Lansmanı iki sene önce Dubai Cityscape Fuarı’nda yaptığımız ve yabancı yatırımcıların yoğun ilgisi ile karşılaşan Maslak 1453 projemiz farklı mimarisi ve sunmuş olduğu yaşam konsepti ile hem yatırım hem de oturum için cazip bir proje olarak öne çıkıyor. Geniş meydanları, tiyatroları, uluslararası standartlardaki moda merkezi ve 1453 metre uzunluğundaki caddesi ve daha pek çok donatısıyla birlikte dünya ölçeğinde bir proje olma özelliği taşıyor. Projede en yükseği 55, en düşüğü ise 21 katlı olmak üzere 24 kule bulunuyor. 2015 yılında ilk iki etabının tamamlanacağı projemiz, Avrupa Yakası’nın en önemli merkezlerinden birisi olan Maslak’ta yükselmeye devam ediyor.
İstanbul’u öncelikle bölgesel, nihai olarak da küresel finans merkezine dönüştürecek olan İstanbul Uluslararası Finans Merkezi projemiz, finans sektörünün beklentilerini karşılayacak yüksek kalitede Bilişim Teknolojileri altyapısıyla hayata geçiriliyor. İstanbul Uluslararası Finans Merkezi, Kadıköy-Kartal ve Üsküdar-Ümraniye metro hatlarını birbirine bağlayacak olan yeni metro hattının Finans Merkezi İstasyonu ile toplu taşıma ağına da güçlü bir şekilde bağlanıyor.
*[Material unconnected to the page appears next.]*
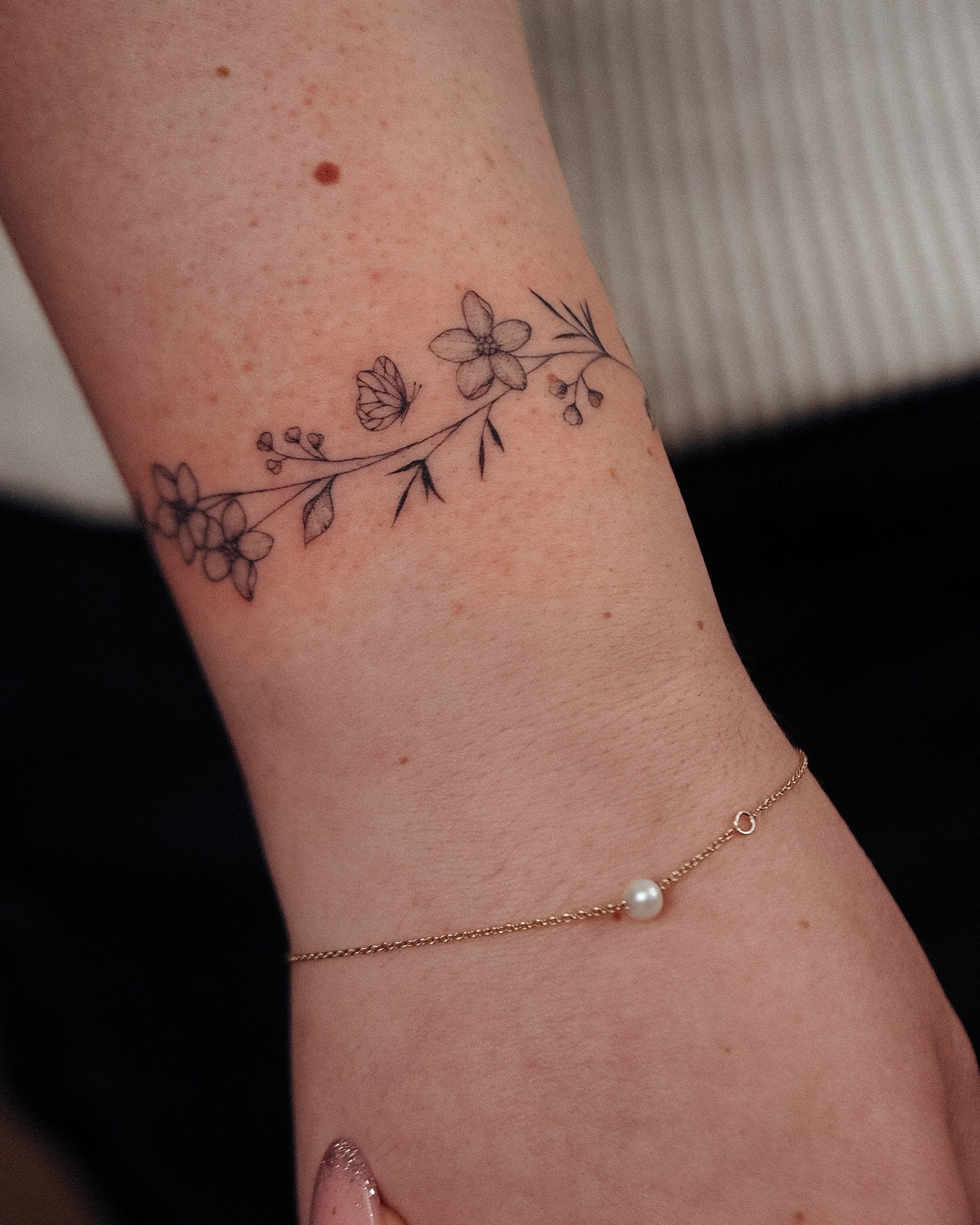 Delicate Floral Wristband Tattoo with Butterfly Elegant and Nature-Inspired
Proje içerisinde, T.C. Merkez Bankası, T.C. Ziraat Bankası, T.C. Halk Bankası, T.C. Vakıflar Bankası, BDDK, SPK, TAO Gayrimenkul, İŞ GYO gibi önemli kamu ve özel sektör kurumları yer alıyor.
Yakın zamanlarda faaliyetine başladığınız Enerji Grubunuzdan bahseder misiniz? Yatırımlarınızı arttırmayı düşünüyor musunuz?
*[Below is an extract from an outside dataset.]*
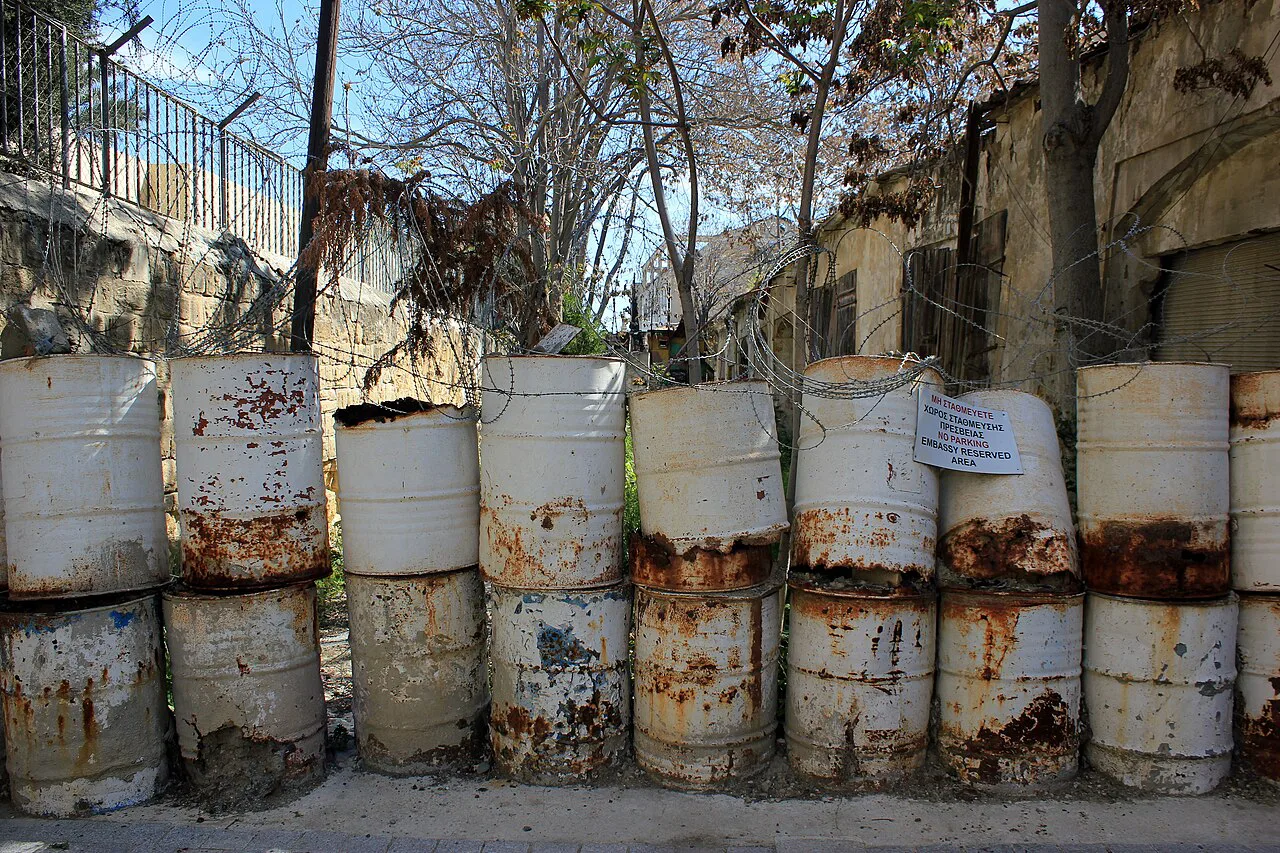 Barrels blocking a street at the Nicosia Green Line.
Ağaoğlu Şirketler Grubu olarak, enerji sektörüne gerçekleştirdiğimiz yatırımlar ile Türkiye’nin çevreye duyarlı bir şekilde kalkınmasına katkıda bulunmayı ilke edindik. Özellikle doğal enerji kaynaklarına yönelerek yenilenebilir enerji alanında gerçekleştireceğimiz yatırımlar için 2 milyar dolarlık yatırımı programımıza aldık. Amacımız yerli üretimi artırmak ve bunu da çevreye zarar vermeden yapmak. Bu açıdan yenilenebilir enerji yatırımlarını önemsiyoruz.
Ağaoğlu Şirketler Grubu olarak, bugüne kadar kaç konut projesini hayata geçirdiniz?
33 yılı aşkın süredir inşaat, turizm ve enerji alanındaki yatırımlarla bugün Türkiye’nin ve önemli yatırım gruplarından biri haline geldik. Bugüne dek 30 binden fazla nitelikli konut ürettik. “My” konseptli projeler ile birlikte markalı konut üretiminde Türk inşaat sektörüne öncülük etmeye devam edeceğiz. İnşa ettiğimiz projelerle konutun ötesinde kaliteli ve güvenli bir yaşam alanı ve çok kazançlı bir yatırımı da aynı anda sunuyoruz.
Konut sektöründe “balon var” söylentileri sizce doğru mu?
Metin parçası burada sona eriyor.